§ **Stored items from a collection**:

□ □ □

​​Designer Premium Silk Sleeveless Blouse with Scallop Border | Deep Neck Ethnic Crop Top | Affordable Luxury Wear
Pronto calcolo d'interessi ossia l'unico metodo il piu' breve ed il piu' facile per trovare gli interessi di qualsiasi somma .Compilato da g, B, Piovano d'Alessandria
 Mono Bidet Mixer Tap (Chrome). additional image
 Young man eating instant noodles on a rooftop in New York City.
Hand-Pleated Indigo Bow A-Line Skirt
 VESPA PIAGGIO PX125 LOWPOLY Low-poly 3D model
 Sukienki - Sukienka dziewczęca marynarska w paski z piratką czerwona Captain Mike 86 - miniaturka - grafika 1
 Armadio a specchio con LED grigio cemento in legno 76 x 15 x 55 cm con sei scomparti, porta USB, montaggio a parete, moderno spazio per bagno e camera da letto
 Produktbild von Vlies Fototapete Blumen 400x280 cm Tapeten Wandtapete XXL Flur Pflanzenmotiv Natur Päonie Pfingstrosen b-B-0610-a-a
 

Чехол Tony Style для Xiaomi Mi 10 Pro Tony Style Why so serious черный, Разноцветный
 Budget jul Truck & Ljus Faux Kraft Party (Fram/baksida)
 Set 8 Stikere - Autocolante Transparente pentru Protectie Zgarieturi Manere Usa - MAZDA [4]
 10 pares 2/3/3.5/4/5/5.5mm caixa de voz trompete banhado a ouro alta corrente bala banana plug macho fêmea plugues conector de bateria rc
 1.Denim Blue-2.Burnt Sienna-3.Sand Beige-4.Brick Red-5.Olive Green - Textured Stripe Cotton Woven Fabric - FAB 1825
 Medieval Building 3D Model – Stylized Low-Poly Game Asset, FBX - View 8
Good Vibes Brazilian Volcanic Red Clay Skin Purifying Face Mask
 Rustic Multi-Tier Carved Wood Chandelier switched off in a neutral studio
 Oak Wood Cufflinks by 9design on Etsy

□ □ □

§ **Task instructions**: Quote exactly and only the lines from the one holding "Hand-Pleated Indigo Bow A-Line Skirt" through the end of the data.

§ **The completed task**:
Hand-Pleated Indigo Bow A-Line Skirt
 VESPA PIAGGIO PX125 LOWPOLY Low-poly 3D model
 Sukienki - Sukienka dziewczęca marynarska w paski z piratką czerwona Captain Mike 86 - miniaturka - grafika 1
 Armadio a specchio con LED grigio cemento in legno 76 x 15 x 55 cm con sei scomparti, porta USB, montaggio a parete, moderno spazio per bagno e camera da letto
 Produktbild von Vlies Fototapete Blumen 400x280 cm Tapeten Wandtapete XXL Flur Pflanzenmotiv Natur Päonie Pfingstrosen b-B-0610-a-a
 

Чехол Tony Style для Xiaomi Mi 10 Pro Tony Style Why so serious черный, Разноцветный
 Budget jul Truck & Ljus Faux Kraft Party (Fram/baksida)
 Set 8 Stikere - Autocolante Transparente pentru Protectie Zgarieturi Manere Usa - MAZDA [4]
 10 pares 2/3/3.5/4/5/5.5mm caixa de voz trompete banhado a ouro alta corrente bala banana plug macho fêmea plugues conector de bateria rc
 1.Denim Blue-2.Burnt Sienna-3.Sand Beige-4.Brick Red-5.Olive Green - Textured Stripe Cotton Woven Fabric - FAB 1825
 Medieval Building 3D Model – Stylized Low-Poly Game Asset, FBX - View 8
Good Vibes Brazilian Volcanic Red Clay Skin Purifying Face Mask
 Rustic Multi-Tier Carved Wood Chandelier switched off in a neutral studio
 Oak Wood Cufflinks by 9design on Etsy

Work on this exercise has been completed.